2015 Education Key Successes

  • Affordable college tuition. Gov. Inslee signed a historic tuition cut for students at state colleges, including community colleges.
  • Early education. Gov. Inslee helped pass a landmark bill that will help more than 48,000 children get access to quality early learning. The Early Start Act includes historic levels of funding for Washington’s littlest learners.
  • Financial aid. State investments in both the Opportunity Scholarship and College Bound Scholarship mean a combined 8,000 more students will get tuition relief next year.
  • Fair pay for educators. For the first time since 2008, we increased pay for teachers and state workers.
  • Investment in our K-12 education system. The 2015-2017 budget invests $1.3 billion into our K-12 system to make sure our kids get the education they deserve. These investments include:
    • Class size reduction for grades K-3
    • All-day kindergarten
    • Teacher training and mentor programs
    • Computer science education programs

2014 Education Key Successes

  • Graduation opportunities. Gov. Inslee signed SB 6552 which boosts the high school graduation requirement from 20 to 24 credits beginning with the class of 2019. The bill incorporates Gov. Inslee’s legislation to provide students new options for fulfilling their math and science requirements to provide more pathways for students with different academic or career goals.
  • Education investments. Legislators approved several important supplemental budget items including an additional $2 million for new teacher mentoring and additional engineering and computer science slots at Central and Eastern Washington universities.
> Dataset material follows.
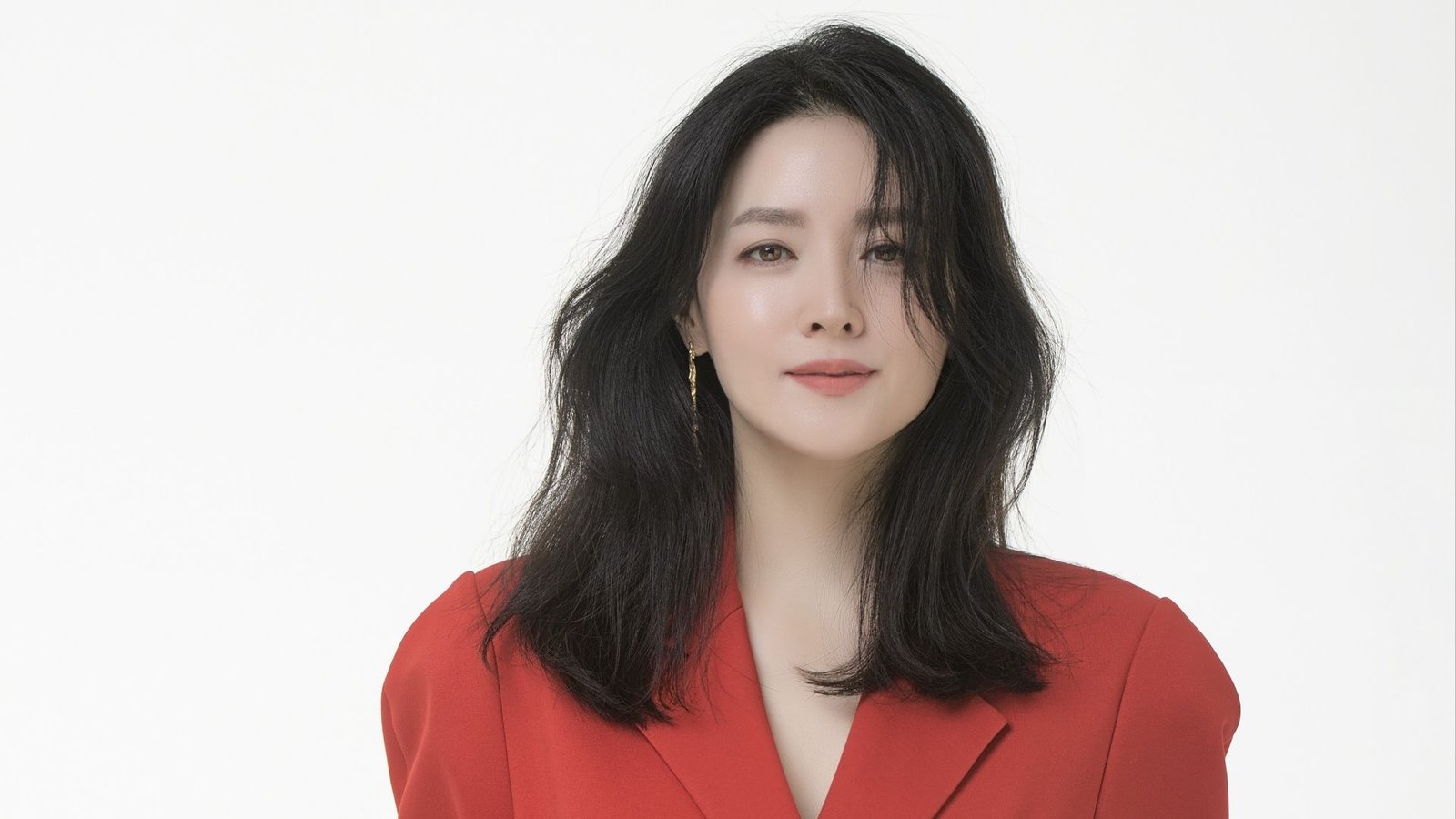 Lee Yong-ae On Feminine Illustration and the seventeenth AFA Excellence in Asian Cinema Award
2013 Education Key Successes

  • Financial aid. Gov. Inslee signed the Dream Act (SB 6523) which provides an opportunity for all aspiring Washington students to compete for state need grants financial aid regardless of documentation status.
  • STEM education. Gov. Inslee’s House Bill 1872 convened a new STEM alliance to expand STEM opportunities in our K-12 system and develop a system for measuring how well the state and our partners are preparing students for STEM-related opportunities after high school.